──────── Input for this task

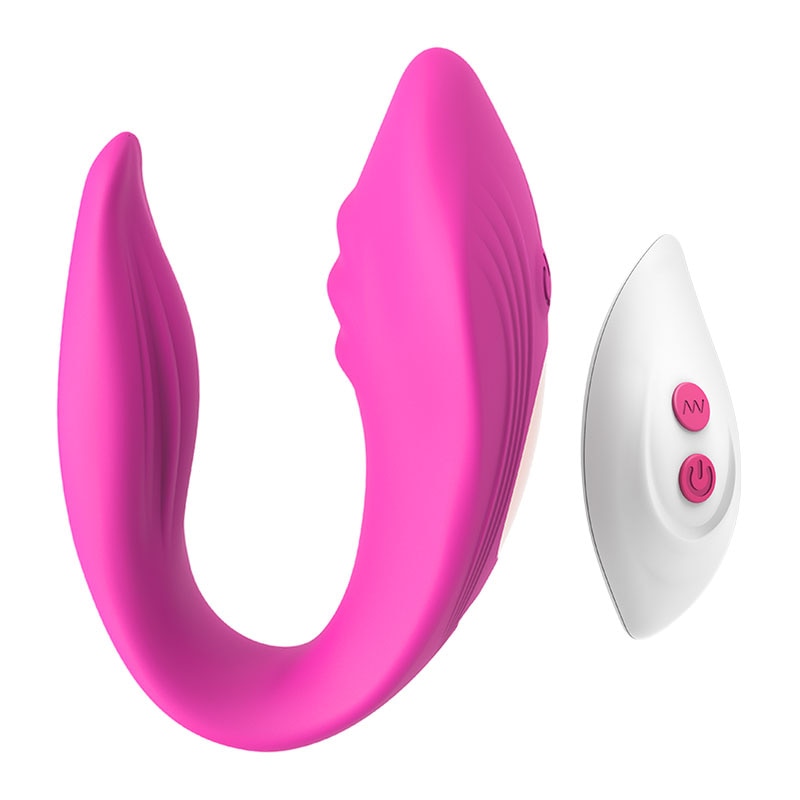 FLXUR Wireless U Shape Panties Vibrators for Women G Spot Clit Erotic Massager Double Vibrating Silicone Sex Toys Couples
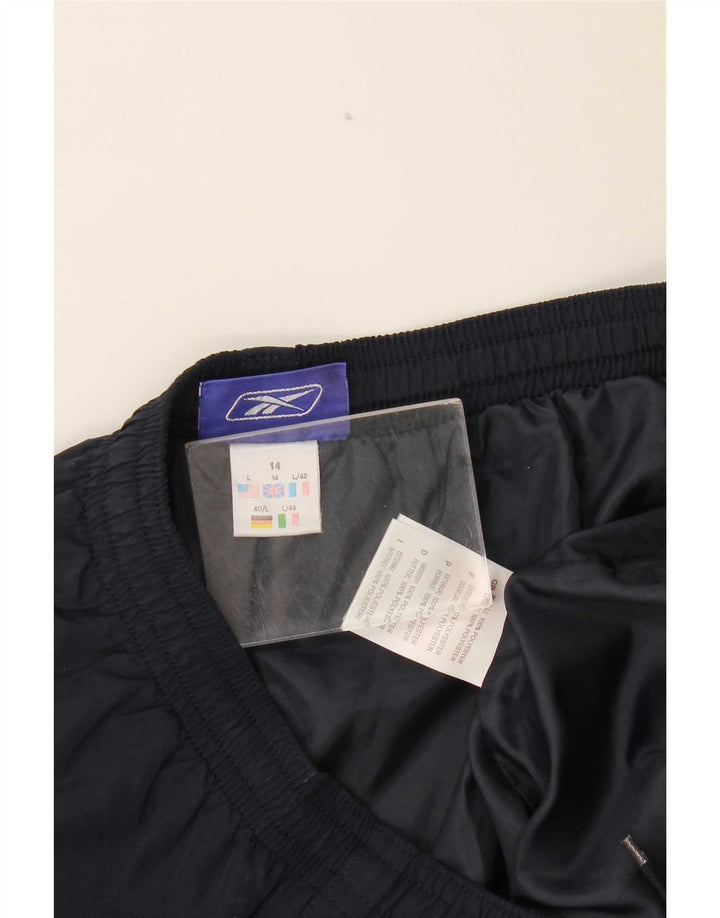 Pantaloni da tuta da donna Reebok UK 14 Large in poliestere blu navy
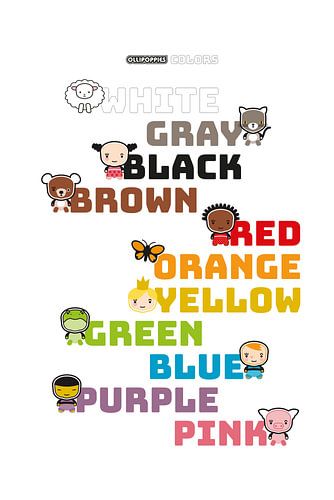 OLLIPOPPIES kleuren_engels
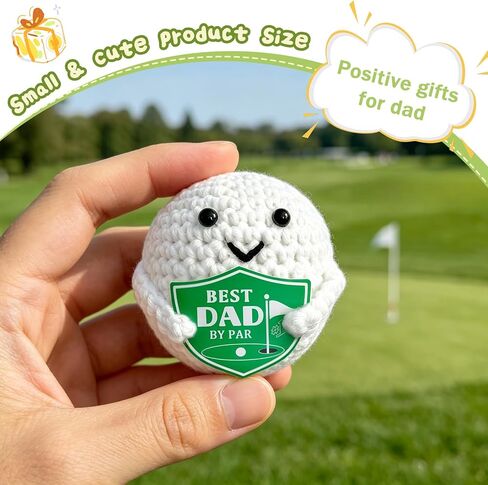 Funny Fathers Day Dad Gifts from Daughter Son Wife - Ideal Father's Day Birthday Gift for Father Daddy New Dads - Best Dad by Par Handmade Crochet Golf Fathers Day Mens Gifts Ideas in Kuwait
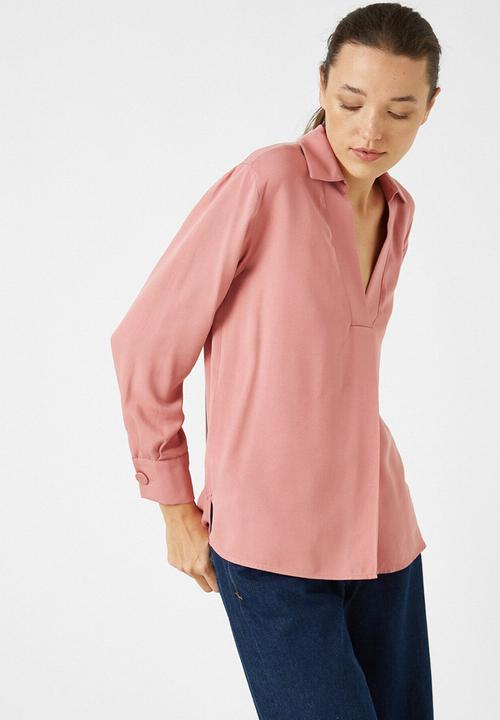Koton - Respect life long sleeve blouse - pink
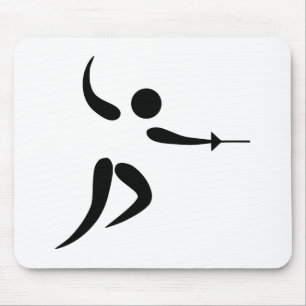 Konkurrenskraftig och olympisk fäktningPictogram Musmatta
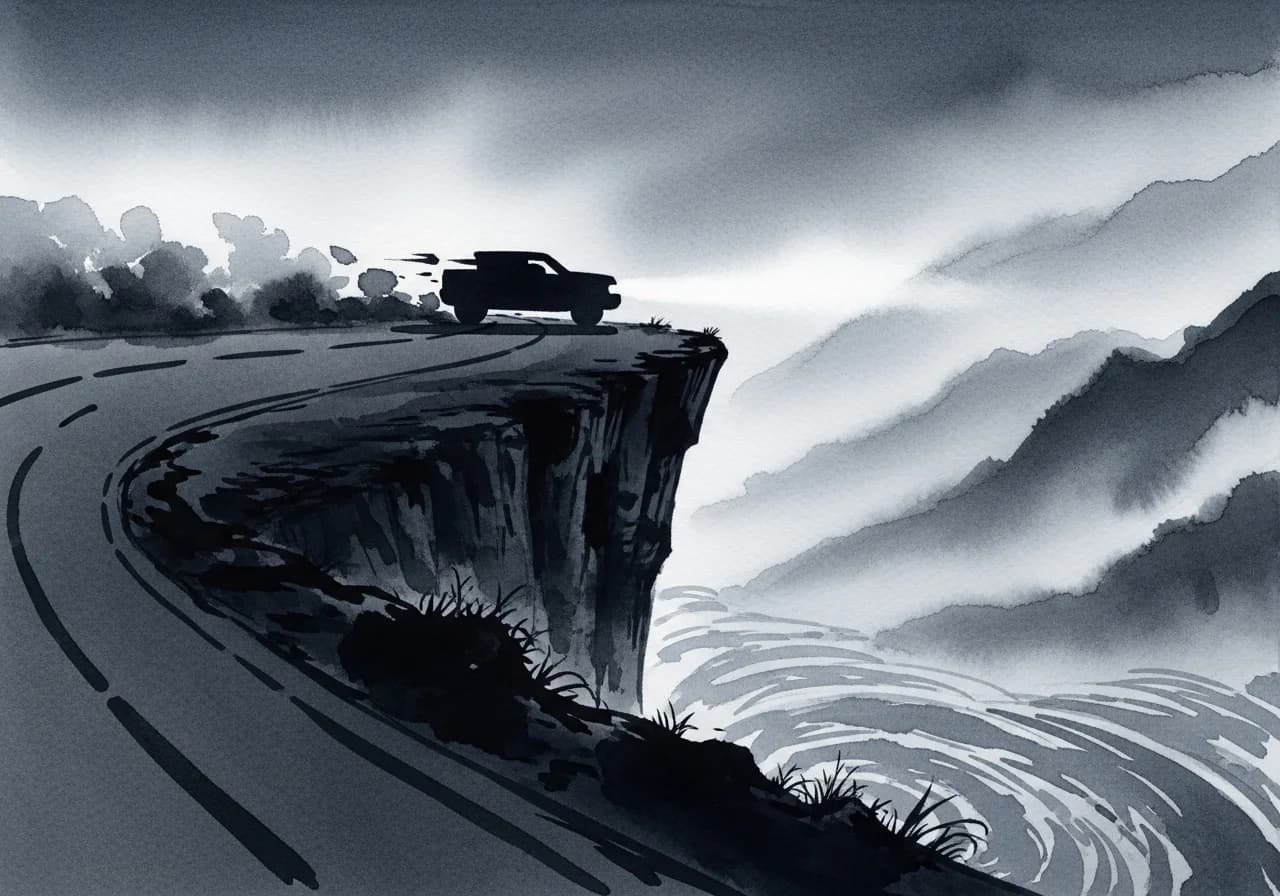 흉몽 — 브레이크가 고장나거나 역주행하는 꿈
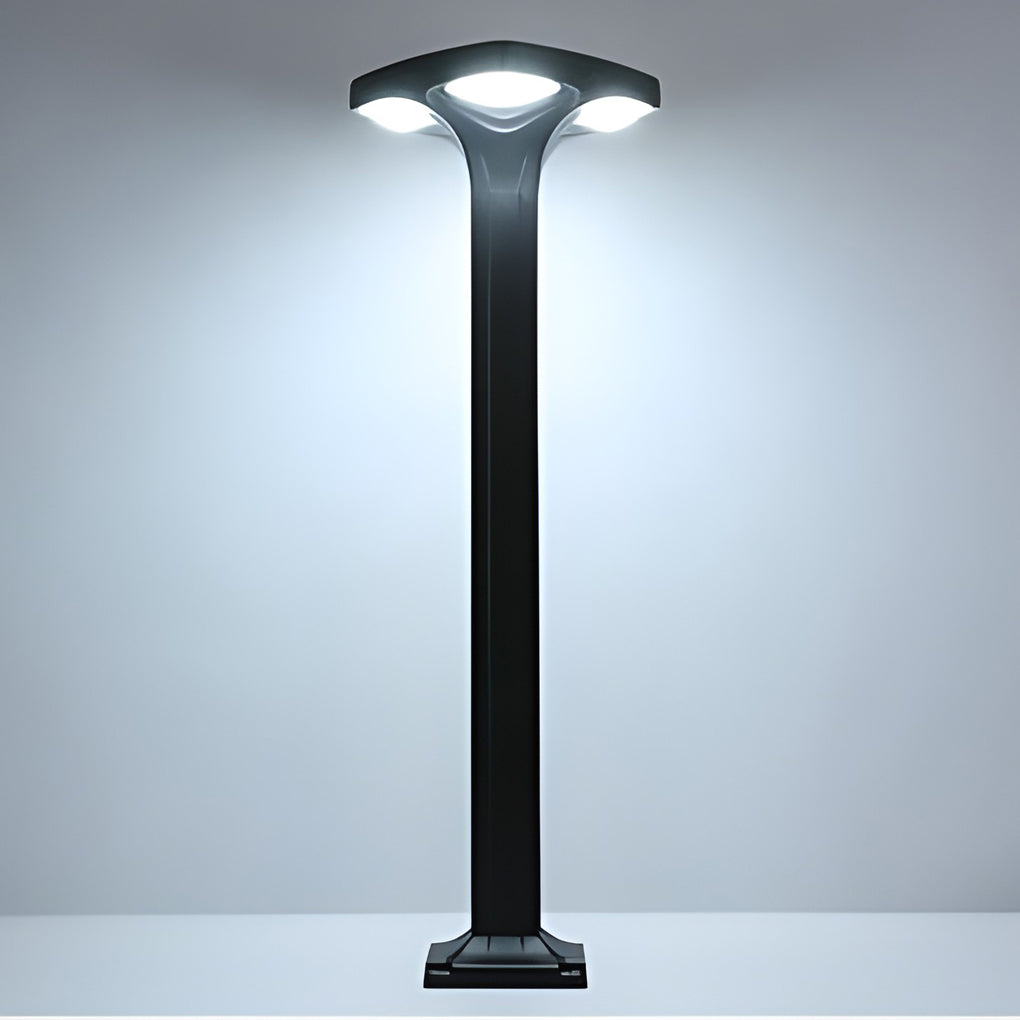 Square LED Outdoor Path Lights with Solar & Wired Options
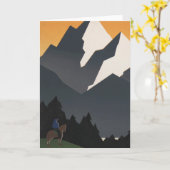 Vintage Poster Promoting reizen naar Montana. Kaart (Gele Bloem)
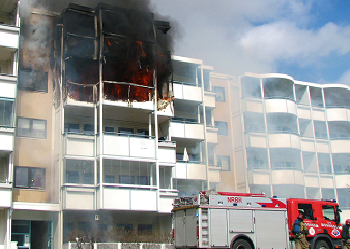 Bare en av fire har hatt brannøvelser hjemme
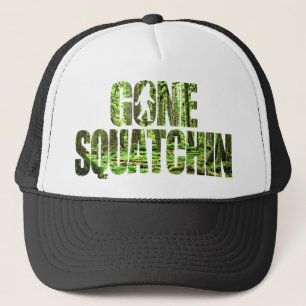 行ったSquatchin **特別で深い森林版**帽子 キャップ
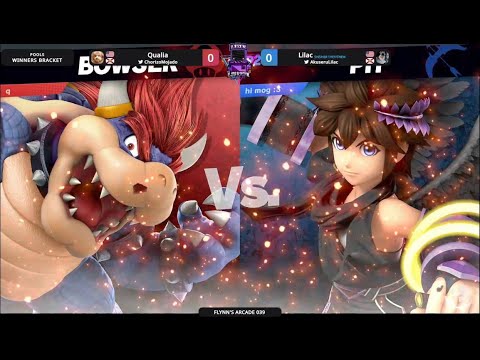 Flynn's Arcade 039 Winners Bracket - Qualia (Bowser) Vs. Lilac (Pit,Ridley) SSBU ULTIMATE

────────────────

Task requirements: Emit the lines of the data above from the one containing "Funny Fathers Day" through its final line, both endpoints included. Pictures do not belong in the output.

Task solution:
 Funny Fathers Day Dad Gifts from Daughter Son Wife - Ideal Father's Day Birthday Gift for Father Daddy New Dads - Best Dad by Par Handmade Crochet Golf Fathers Day Mens Gifts Ideas in Kuwait
Koton - Respect life long sleeve blouse - pink
 Konkurrenskraftig och olympisk fäktningPictogram Musmatta
 흉몽 — 브레이크가 고장나거나 역주행하는 꿈
 Square LED Outdoor Path Lights with Solar & Wired Options
 Vintage Poster Promoting reizen naar Montana. Kaart (Gele Bloem)
 Bare en av fire har hatt brannøvelser hjemme
 行ったSquatchin **特別で深い森林版**帽子 キャップ
 Flynn's Arcade 039 Winners Bracket - Qualia (Bowser) Vs. Lilac (Pit,Ridley) SSBU ULTIMATE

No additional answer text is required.